Нет, я не испугалась ни ночью, ни утром, просто с любопытством прислушивалась, как к сопению подруги примешивается странный шорох. Слушала и гадала, кто это может быть? Про ящерок, признаюсь, не подумала.
— Ну что, девчонки, попробуем сегодня лошадей запрячь? Прокатимся хоть полчасика, в седле научу сидеть. Вот только сначала бока им почищу…
— Ой, а можно, я с вами? — с энтузиазмом запросилась Лайза.
— Лошадей чистить? Да я сам могу…
— Я тоже хочу!
— Так пойдем, кто ж против? Буду только рад.
И Эдвард широко улыбнулся. А я, оглядев гору посуды в раковине, оставшуюся еще со вчерашнего вечера, повернулась к Ниссе.
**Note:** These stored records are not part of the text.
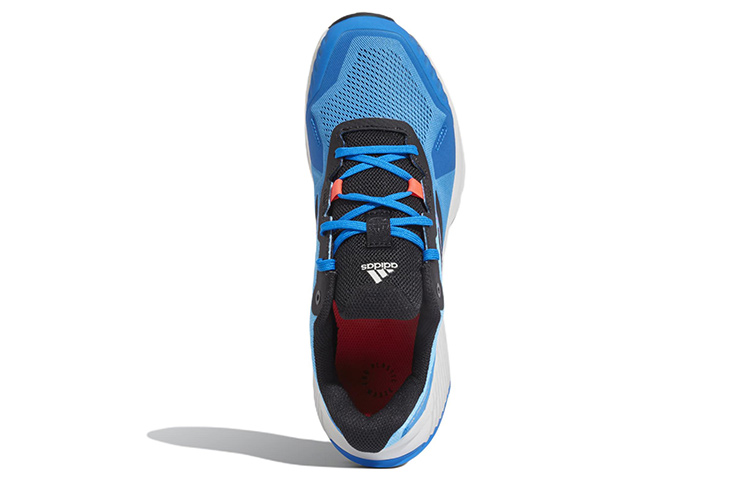 Purchase adidas Terrex Soulstride ''Blauw Wit'' GZ9035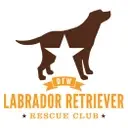 Logo of DALLAS FORT WORTH LABRADOR RETRIEVER RESCUE CLUB INC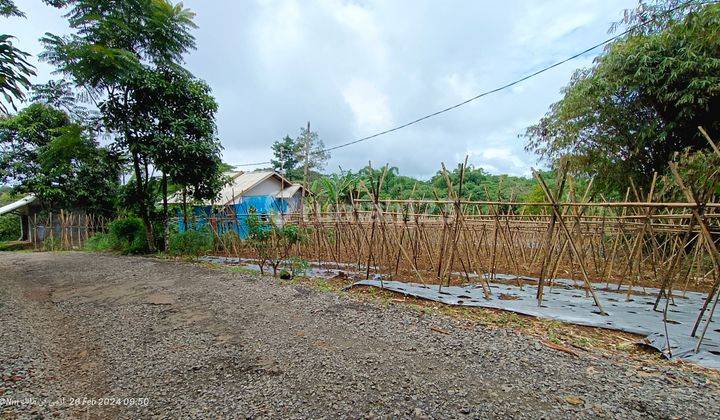 Tanah subur samping jalan besar siap tanam benih sayuran  2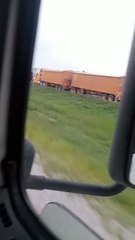 Muere varón en accidente entre 3 tráileres y un auto en la Matehuala - Saltillo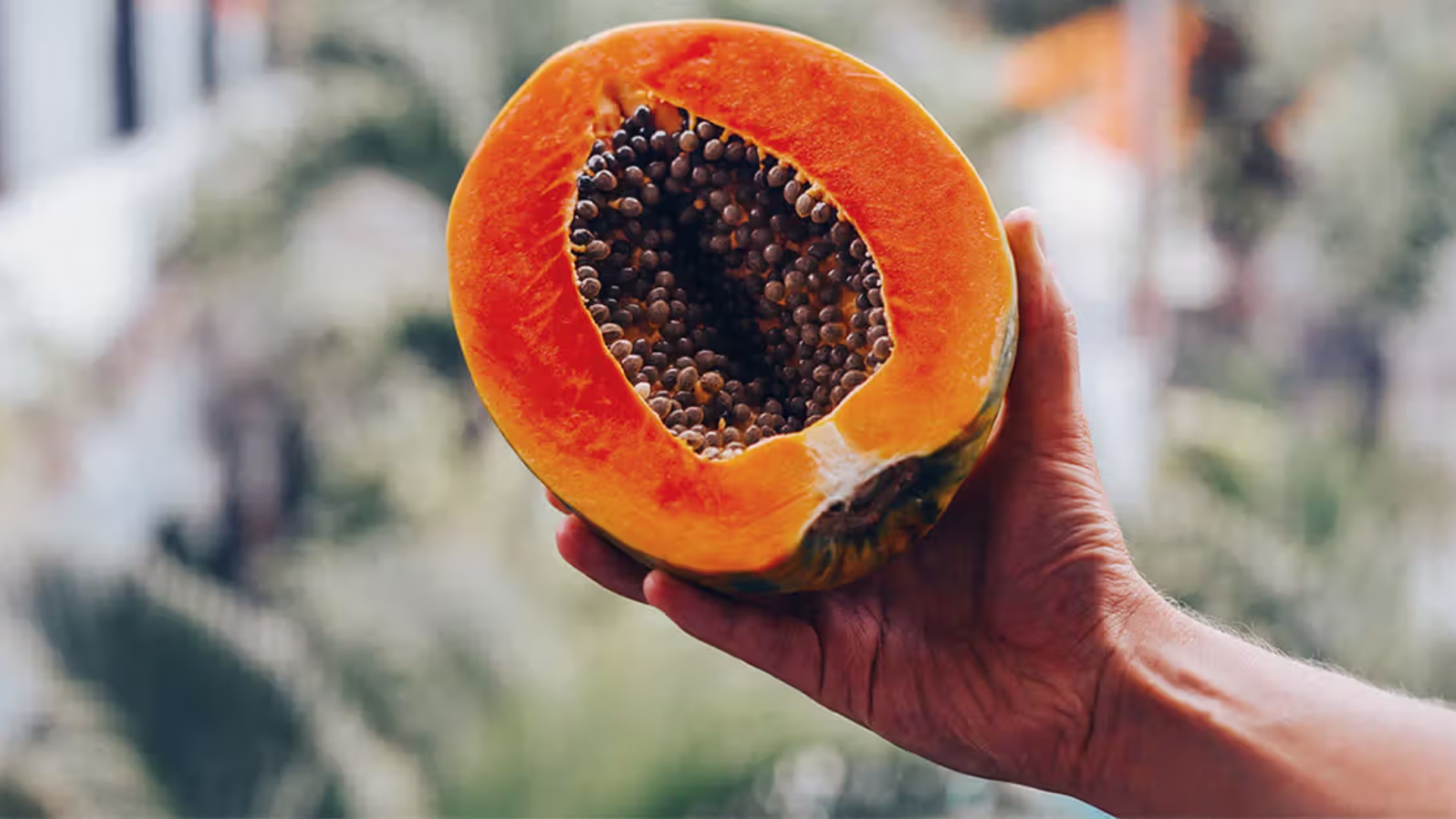 Ekspertët  Mund të hani fruta me krimba  por jo të mykura  apo të kabura 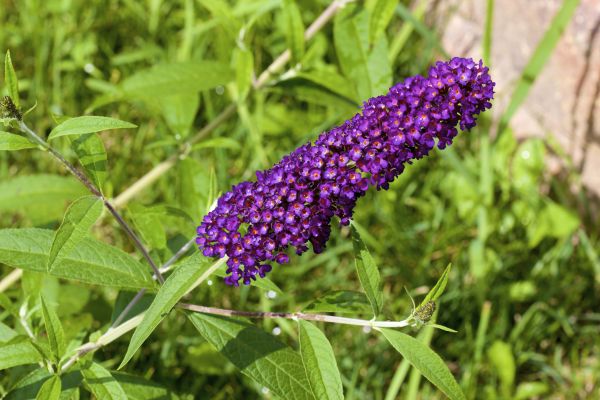 Butterfly Bush Pruning in Charleston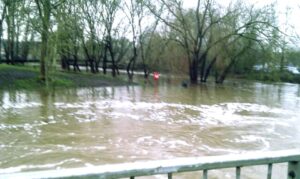 Latest flooding pictures of River Weaver in Nantwich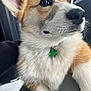 dog, corgi, pet, close_up, fluffy, fur, animal, four_leaf_clover, collar, indoor, cute, portrait, muzzle, ears, whiskers, nose, eyes, looking_away, domestic_animal, companion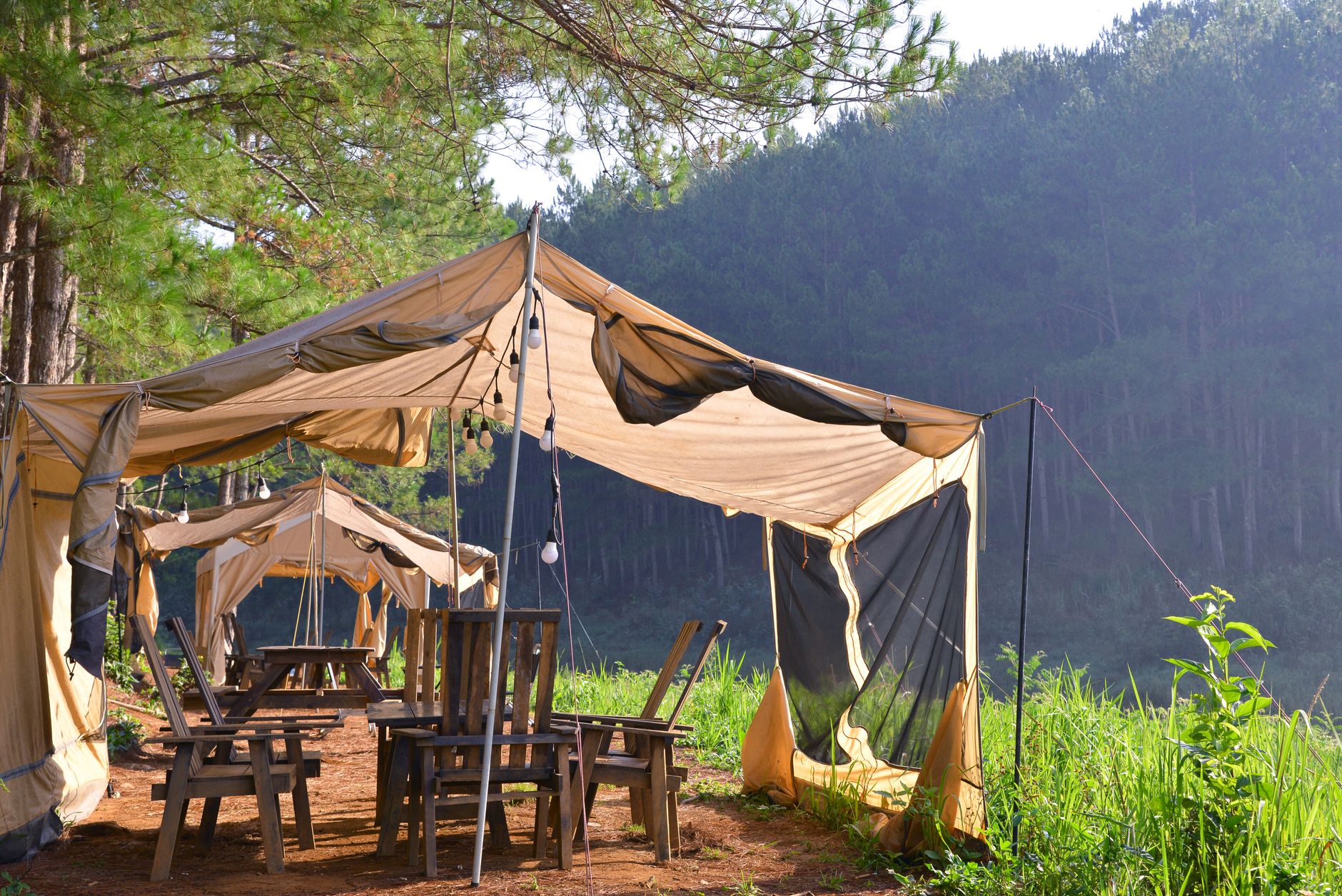 Explore a rustic campsite with tents surrounded by lush greenery and serene forest views.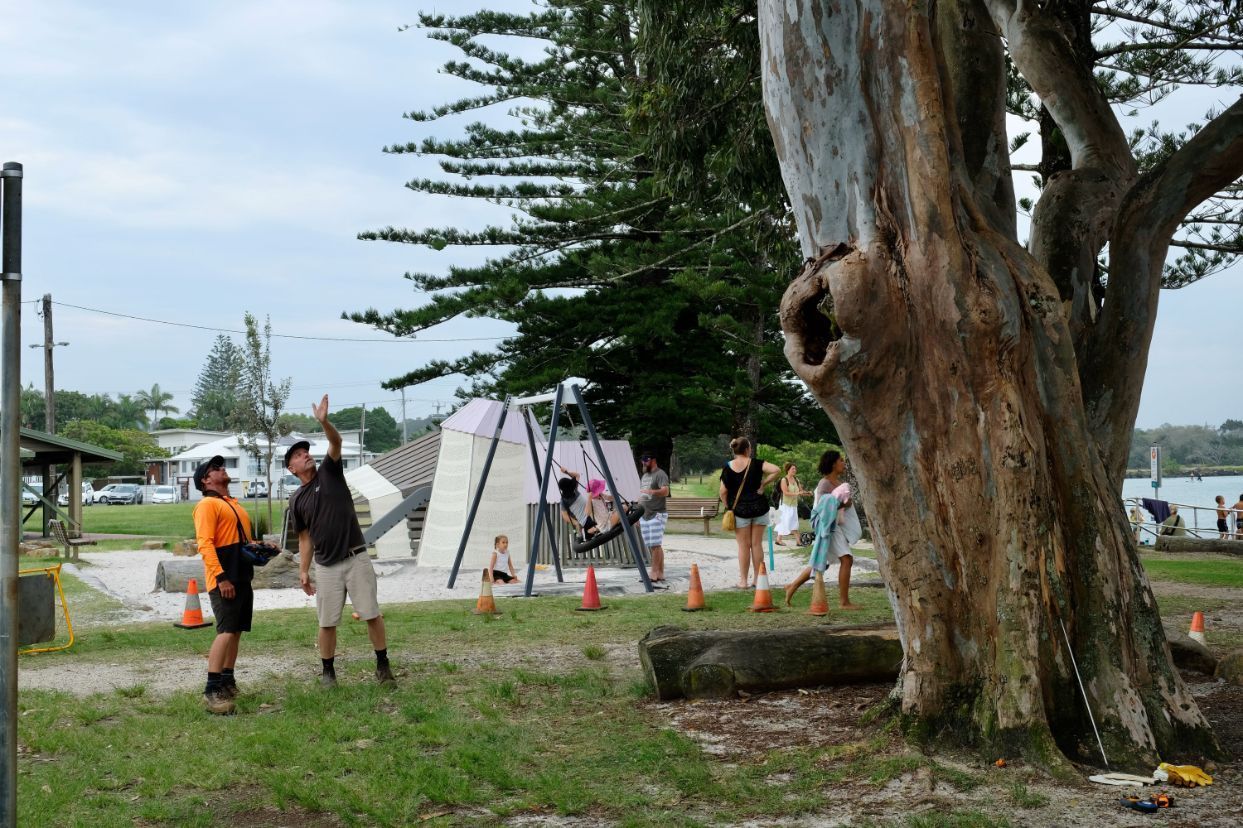 A group of people are standing around a tree in a park — Lennox Head Tree Care In Lennox Head, NSW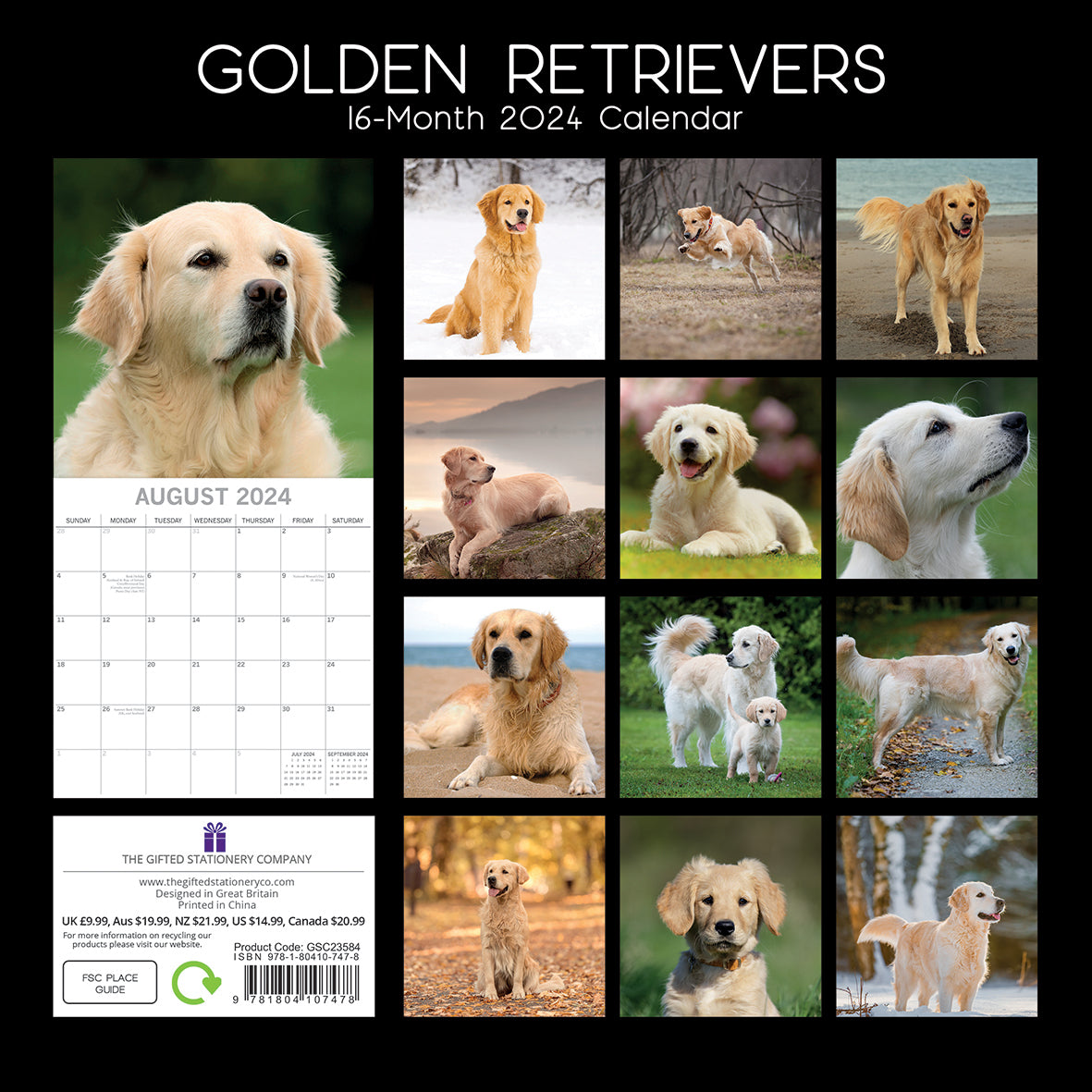 Golden Retrievers - 2024 Square Wall Calendar Pets Dog 16 Months Premium Planner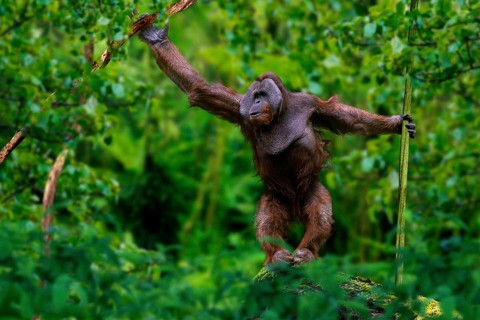 Sumatran orangutan, male (Pongo pygmaeus abelii), male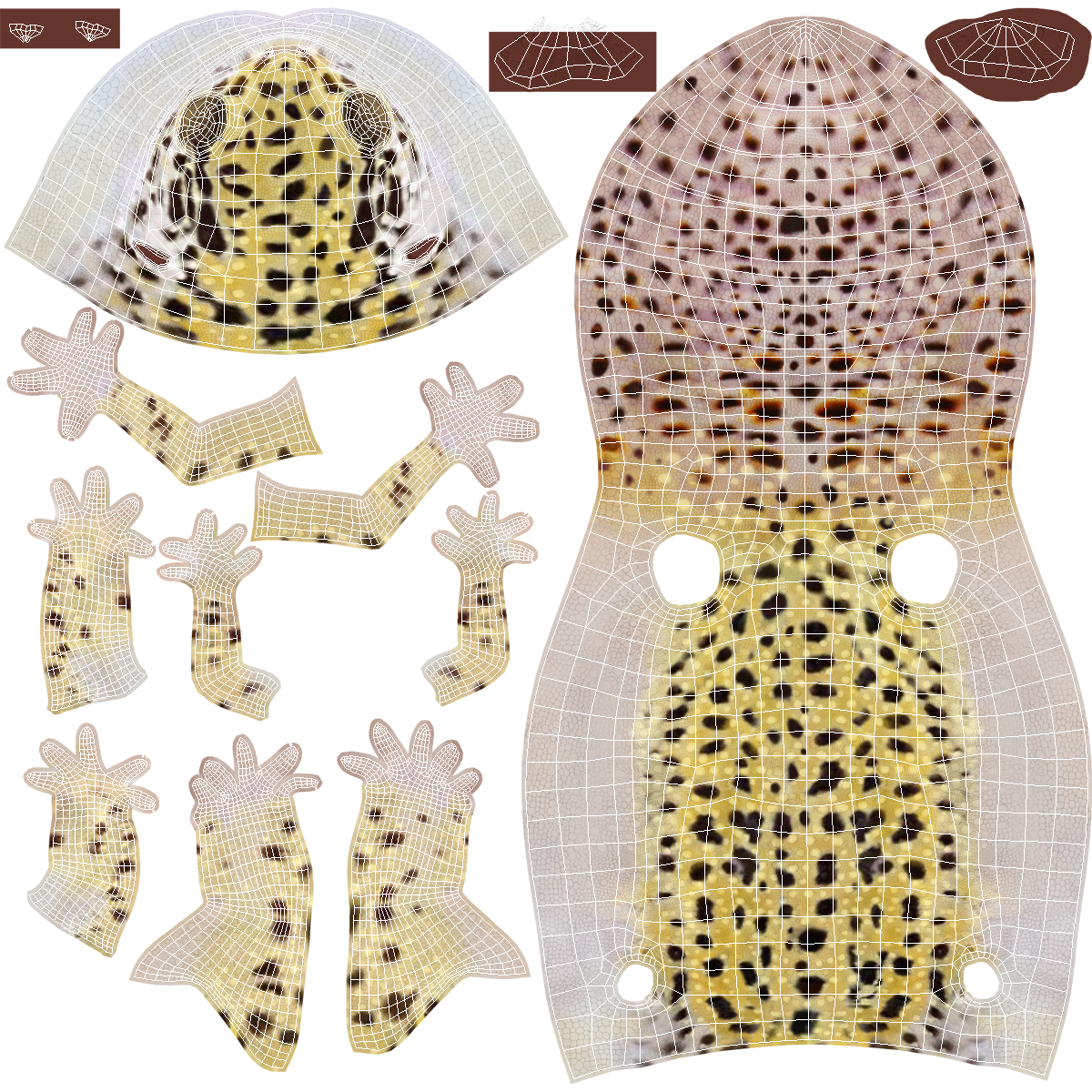 3D Leopard Gecko model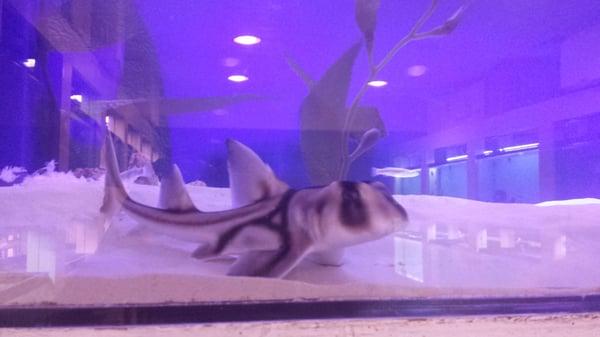 Horn shark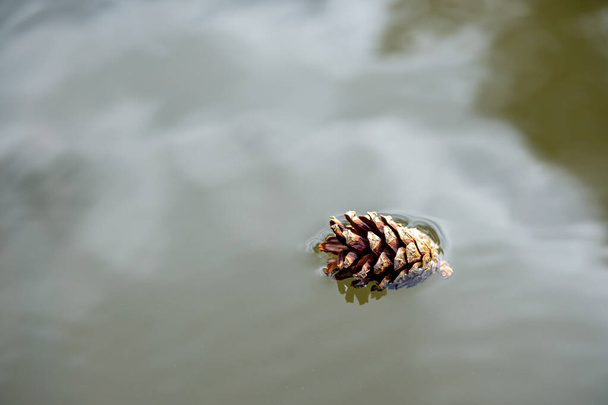 um cone de pinho flutuando na água reflete o céu na superfície da água
 - Foto, Imagem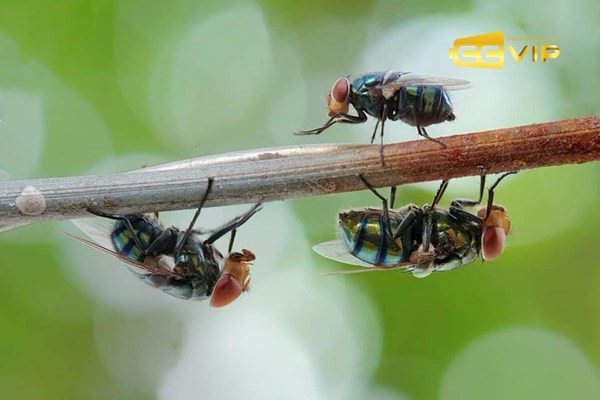 con ruồi số mấy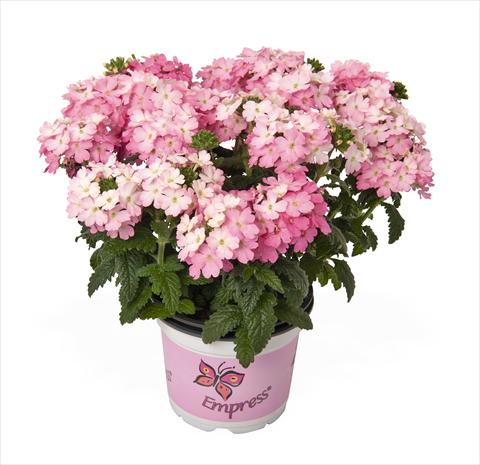 photo of flower to be used as: Basket / Pot Verbena hybrida RED FOX  Empress Flair Flamingo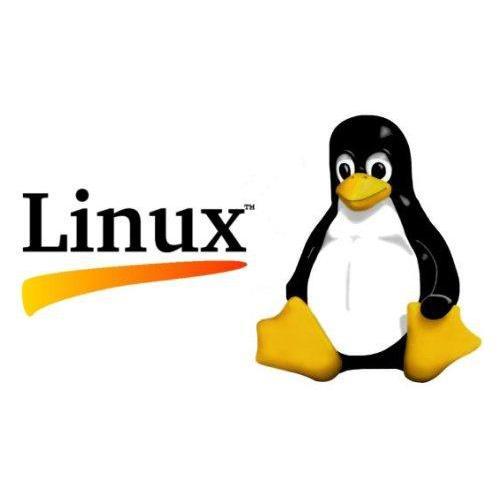 Logo Linux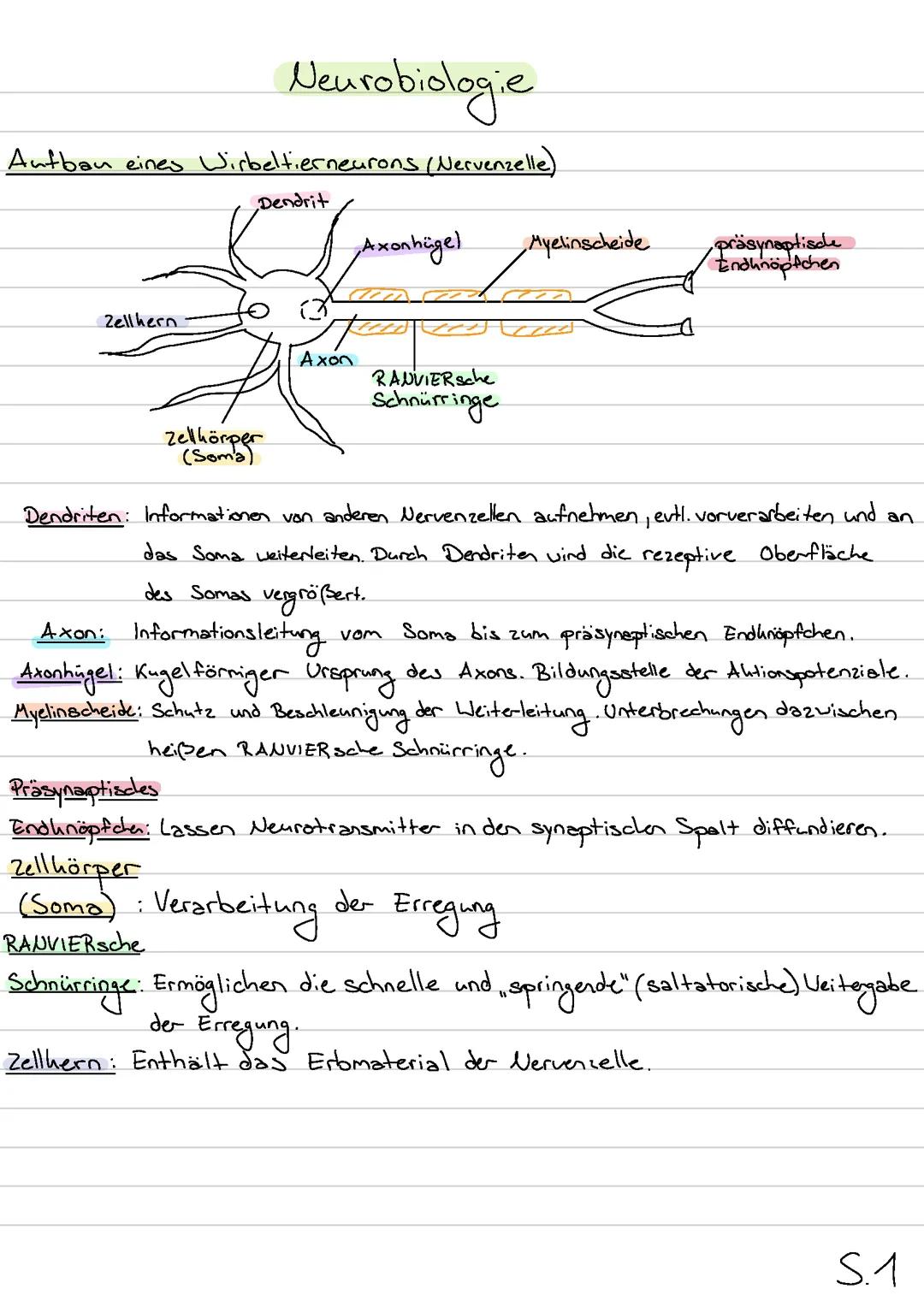 Neurobiologie Niedersachsen GK Abi 2024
— А я на кухне помогу, ладно?
Та тут же замахала руками — ее рот, как до того у Лайзы, был занят булочкой. На жесты — мол, иди развлекайся, нечего тут торчать, — я не обратила ровным счетом никакого внимания.
— Мне хочется с тобой побыть, ну ведь можно?
Хозяйка дома улыбнулась и довольно кивнула.
Грохотала в мойке посуда, пузырилась и ловко мелькала в натруженных руках губка. Эд и Лайза отбыли в конюшню, а мы остались. Вытирая тарелки и стаканы вафельным полотенцем, я вдруг подумала о том, что никогда толком не общалась с Ниссой, не было возможности. Тогда, в палате Корпуса, мы обсуждали побег, и только — там было не до личных тем, после, когда сидели на лавочке, попрощались хоть и эмоционально, но коротко. Она и я — два, можно сказать, незнакомых друг другу человека, оказались очень родными — слишком многое преодолели вместе, слишком сильно изменили друг другу жизнь.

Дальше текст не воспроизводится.